(SUPPLIED MATERIAL begins)

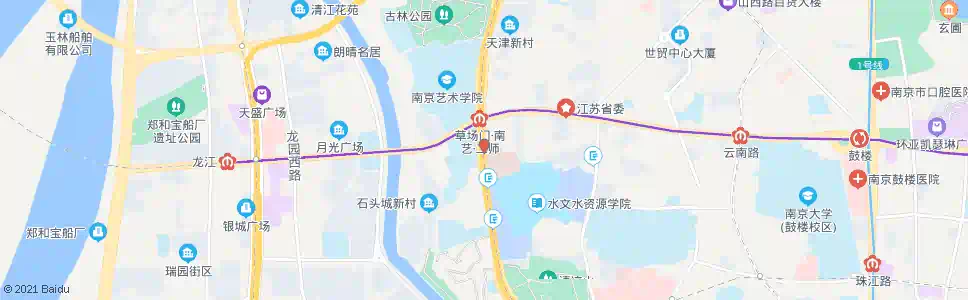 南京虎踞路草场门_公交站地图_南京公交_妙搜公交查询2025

(SUPPLIED MATERIAL ends)
(SUPPLIED MATERIAL begins)

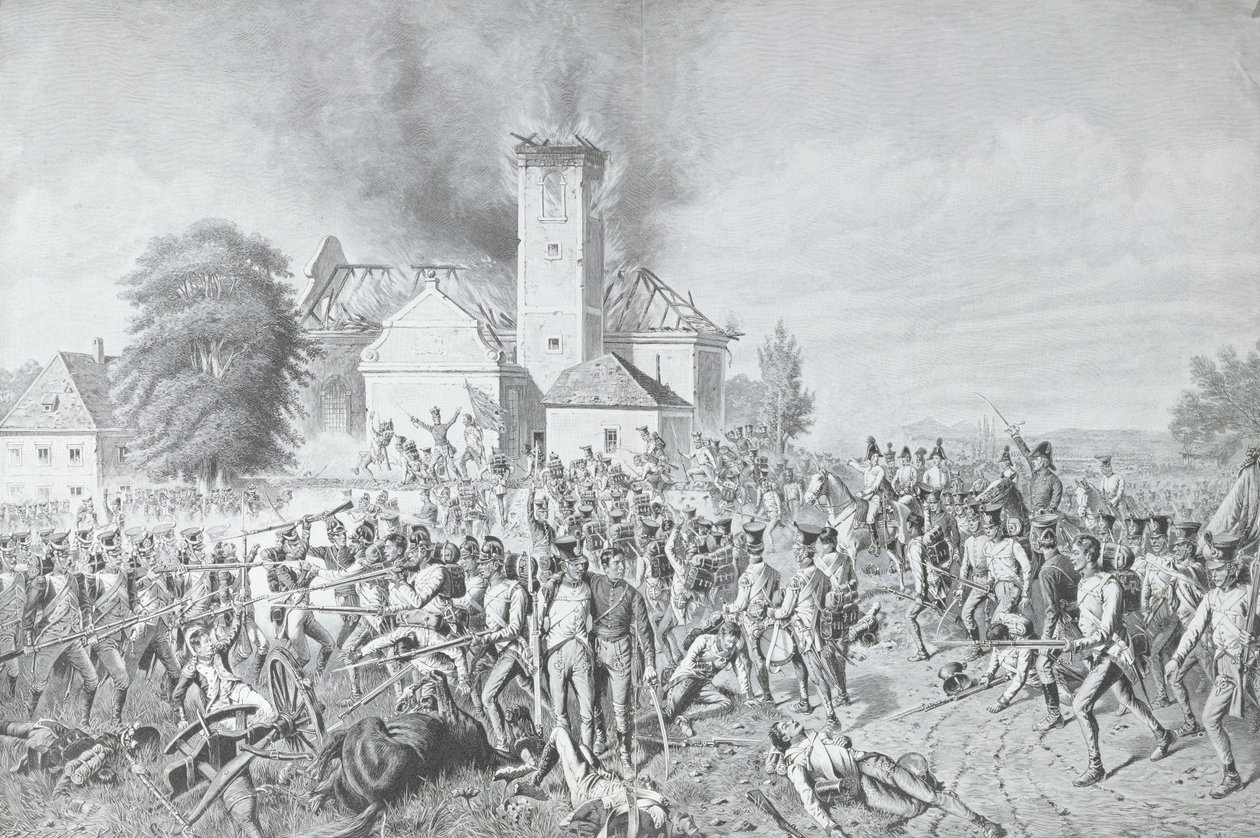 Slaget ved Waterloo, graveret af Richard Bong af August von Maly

(SUPPLIED MATERIAL ends)
(SUPPLIED MATERIAL begins)

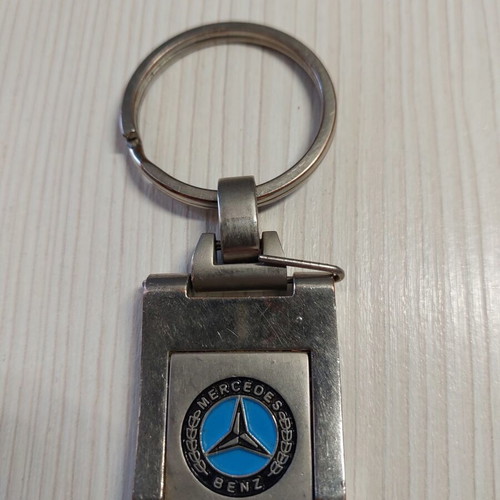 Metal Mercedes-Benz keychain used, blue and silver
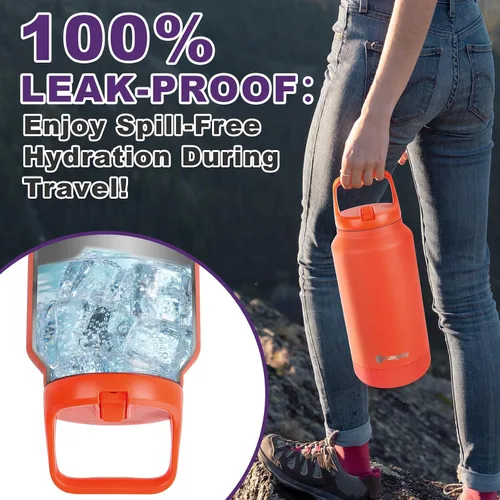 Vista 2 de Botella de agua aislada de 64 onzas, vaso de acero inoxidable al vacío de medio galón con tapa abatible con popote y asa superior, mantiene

(SUPPLIED MATERIAL ends)

§ **PROBLEM DESCRIPTION**:
The copy should hold only the lines from the one with "Metal Mercedes-Benz keychain" through the one with "Vista 2 de Botella", exactly as they stand above. Leave out the pictures.

§ **SOLUTION TO THIS EXERCISE**:
 Metal Mercedes-Benz keychain used, blue and silver
 Vista 2 de Botella de agua aislada de 64 onzas, vaso de acero inoxidable al vacío de medio galón con tapa abatible con popote y asa superior, mantiene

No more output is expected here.